De repente, a orquestra toca o Hino Nacional. O silêncio agora é profundo. Ouvia-se somente a música, símbolo da Pátria querida. Os emotivos faziam força para não chorar. Outros, recordavam terras distantes. Parentes que partiram para sempre.
Logo mais, chegaram os abraços. Lábios colavam-se nas taças de champanhe. Era a família reunida, democraticamente. Jovens e velhos. Todos, todos cantavam e dançavam saudando o ano que vinha do berço que se chama tempo.
Bem que essa missão não é minha. De escrever ou descrever uma festa, que não sou cronista social. Mas faço esse registro como secretário do meu querido Clube Fênix Alagoana, do clube da minha mocidade e de minha velhice. Faço esse registro como se estivesse redigindo uma ata.
E recordo. Recordo um passado gostoso. Dos dias bons. Dias maus. A segunda grande guerra envelopando minha geração em fardas do Exército. Os Natais que eram pretensiosos, envoltos no “Black-out”. Os submarinos nazistas, eram como hienas no fundo do mar, farejando a costa brasileira. Mas a velha Fênix nos aconchegava, e dentro de seus salões eu e meus colegas éramos novamente “fenianos”, fardados de branco. Esquecíamos o que de ruim nos esperava.
Lá está nesta primeira madrugada de 1967 o Barnabé Oiticica. Não mais é o jovem tenente de artilharia. E’ o senhor casado, usineiro, cercado da esposa e filhos. O seu menino repete as façanhas do pai, e vem para o salão dançando com os brotos de hoje.
No meio dessa alegria, eu sinto falta de Hermann Almeida. Engulo uma dose de uísque. Quero afogar minha saudade. Matá-la. Esquecer. Brincar. Sorrir. Se a vida é tão curta e ninguém sabe qual o primeiro que partirá!
Aos pouco, a velha e querida Fênix me domina. Chego a ser feliz. Estou com minha esposa, minha filha, meu futuro genro, meus irmãos, e meus sobrinhos. E devo tudo isso ao meu clube, que me retirou da cama, da meditação, me transformou num sujeito alegre, quando minutos antes, eu era uma espécie de escafandrista, mergulhado no fundo de um mar de recordações, vendo meu pai, minha mãe, meus amigos. Amigos como o motorista Franklin Bezerra – o seu Franco – quase um irmão, que durante tantos anos, nunca me largou.
A Fênix é meu doce refúgio. Estou alegre, já agora quando a madrugada vem. Que bom a gente abraçar afetuosamente os conhecidos. Desejar a todos bons anos.
Repentinamente, ouço a voz do Presidente em exercício Ardel Jucá me convocando.
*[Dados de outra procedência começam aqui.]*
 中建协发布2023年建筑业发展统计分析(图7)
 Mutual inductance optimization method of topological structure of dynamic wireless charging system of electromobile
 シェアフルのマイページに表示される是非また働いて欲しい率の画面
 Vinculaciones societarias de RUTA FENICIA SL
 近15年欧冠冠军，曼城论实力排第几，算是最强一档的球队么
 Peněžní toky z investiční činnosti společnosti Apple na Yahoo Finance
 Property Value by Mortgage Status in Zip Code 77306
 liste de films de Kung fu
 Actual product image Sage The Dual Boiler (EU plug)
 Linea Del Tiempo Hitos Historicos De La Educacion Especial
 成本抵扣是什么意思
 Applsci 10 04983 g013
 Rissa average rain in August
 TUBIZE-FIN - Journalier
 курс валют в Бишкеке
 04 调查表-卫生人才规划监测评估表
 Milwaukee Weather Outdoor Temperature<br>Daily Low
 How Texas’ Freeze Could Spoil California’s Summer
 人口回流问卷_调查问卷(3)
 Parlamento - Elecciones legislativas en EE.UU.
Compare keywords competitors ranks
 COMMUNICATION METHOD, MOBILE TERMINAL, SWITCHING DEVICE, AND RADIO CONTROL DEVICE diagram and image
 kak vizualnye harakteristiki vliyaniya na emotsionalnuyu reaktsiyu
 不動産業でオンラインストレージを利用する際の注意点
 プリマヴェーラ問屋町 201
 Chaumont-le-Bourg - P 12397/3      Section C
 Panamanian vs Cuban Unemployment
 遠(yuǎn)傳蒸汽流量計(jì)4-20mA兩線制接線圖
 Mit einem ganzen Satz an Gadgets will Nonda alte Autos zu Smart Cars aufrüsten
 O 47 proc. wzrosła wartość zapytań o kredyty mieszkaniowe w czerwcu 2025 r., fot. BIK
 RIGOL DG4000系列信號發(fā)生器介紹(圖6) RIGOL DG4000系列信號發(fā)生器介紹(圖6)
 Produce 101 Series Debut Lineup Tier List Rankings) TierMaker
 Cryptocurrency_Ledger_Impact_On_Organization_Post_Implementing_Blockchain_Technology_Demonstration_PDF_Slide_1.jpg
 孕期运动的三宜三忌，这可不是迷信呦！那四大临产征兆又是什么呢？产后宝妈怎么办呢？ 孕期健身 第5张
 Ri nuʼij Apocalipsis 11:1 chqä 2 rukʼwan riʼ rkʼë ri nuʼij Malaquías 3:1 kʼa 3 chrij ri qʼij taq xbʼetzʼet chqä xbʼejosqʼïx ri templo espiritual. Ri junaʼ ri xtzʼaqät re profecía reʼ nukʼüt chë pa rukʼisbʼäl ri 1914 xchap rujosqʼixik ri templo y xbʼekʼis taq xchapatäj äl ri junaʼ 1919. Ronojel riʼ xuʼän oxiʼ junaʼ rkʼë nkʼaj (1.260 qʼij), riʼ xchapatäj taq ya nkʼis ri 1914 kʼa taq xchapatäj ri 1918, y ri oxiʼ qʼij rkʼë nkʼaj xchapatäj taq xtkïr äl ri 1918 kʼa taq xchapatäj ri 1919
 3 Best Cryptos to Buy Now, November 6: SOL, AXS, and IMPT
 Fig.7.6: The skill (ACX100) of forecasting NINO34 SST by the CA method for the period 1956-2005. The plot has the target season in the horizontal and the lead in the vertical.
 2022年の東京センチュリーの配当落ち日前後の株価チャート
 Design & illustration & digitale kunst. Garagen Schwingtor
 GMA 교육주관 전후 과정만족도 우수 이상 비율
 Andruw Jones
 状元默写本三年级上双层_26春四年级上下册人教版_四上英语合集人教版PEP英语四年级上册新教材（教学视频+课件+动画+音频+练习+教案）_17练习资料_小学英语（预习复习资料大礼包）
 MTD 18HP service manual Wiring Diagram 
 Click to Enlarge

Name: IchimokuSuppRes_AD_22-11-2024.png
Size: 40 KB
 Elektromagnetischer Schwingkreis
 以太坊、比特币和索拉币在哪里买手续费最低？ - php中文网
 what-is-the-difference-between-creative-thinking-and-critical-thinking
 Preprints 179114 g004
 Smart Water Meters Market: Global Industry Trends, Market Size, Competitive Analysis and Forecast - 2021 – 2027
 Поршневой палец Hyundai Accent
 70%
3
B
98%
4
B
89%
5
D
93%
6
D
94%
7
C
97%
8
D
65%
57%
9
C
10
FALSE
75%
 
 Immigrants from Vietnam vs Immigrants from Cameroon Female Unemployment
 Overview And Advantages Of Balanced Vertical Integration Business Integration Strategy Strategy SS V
Processa-se a eleição e posse da nova “glamour-girl” da Fênix, a linda menina-moça Laura Baia Quintela, um bibelô, um poema transformado em gente.
Mas a grande surpresa veio em seguida, quando Ardel Jucá, com sua voz compassada, disse:
Convido para vir até aqui o maior de todos os foliões “feniano”, o Sr. Luiz Ramalho de Castro.
Acredite leitor, quase que as palmas faziam tremer os alicerces do ginásio. Estava ali Luiz Ramalho, o seu Ramalho da Costeira, o folião dos grandes carnavais, o Rei Momo espontâneo que brinca com ingenuidade. O folião atravessou várias décadas fazendo o passo com sua esposa, seus filhos e netos.
Estava ali um homem digno, com os cabelos brancos como o de um Papai Noel, bondoso e generoso. Estava o seu Ramalho da Costeira que de seu bolso pagou muitas passagens para que jovens numa segunda classe fosse tentar a vida no sul, como aquele personagem cancioneiro popular que diz:
“Tomei o Ita no Norte”.
E foi essa a primeira emoção de alegria que experimentei neste ano de 1967. Quando o sol, que é um astro-rei, surgiu na avenida, prateando o mar, saudando o ano novo, eu pedi a Deus pelo meu povo, pelos meus amigos e até pelos meus inimigos, se é que os tenho. Era uma grande hora que devo registrar para a história social de minha terra. O Ardel Jucá convocando um outro Rei, Rei do Carnaval, Rei da Alegria, Rei pela bondade de seu coração, pela sua popularidade espontânea. O seu Luiz Ramalho, era ali, naquela festa de confraternização, a mais humana figura que encheu de satisfação, de prazer aquele mundo de gente que registrou com suas palmas – palmas dos jovens e velhos – que saudaram com o ano novo A VOLTA DO FENIANO.